-- Opening Marker --

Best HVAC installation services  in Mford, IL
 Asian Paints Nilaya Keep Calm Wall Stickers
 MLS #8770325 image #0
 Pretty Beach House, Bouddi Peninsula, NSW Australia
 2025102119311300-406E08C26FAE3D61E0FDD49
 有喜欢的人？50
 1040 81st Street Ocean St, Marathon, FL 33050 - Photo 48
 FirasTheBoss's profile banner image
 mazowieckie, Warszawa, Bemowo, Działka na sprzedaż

-- Closing Marker --

» Aim of the exercise
Repeat the material above in its entirety, exactly.

» Output of the exercise
Best HVAC installation services  in Mford, IL
 Asian Paints Nilaya Keep Calm Wall Stickers
 MLS #8770325 image #0
 Pretty Beach House, Bouddi Peninsula, NSW Australia
 2025102119311300-406E08C26FAE3D61E0FDD49
 有喜欢的人？50
 1040 81st Street Ocean St, Marathon, FL 33050 - Photo 48
 FirasTheBoss's profile banner image
 mazowieckie, Warszawa, Bemowo, Działka na sprzedaż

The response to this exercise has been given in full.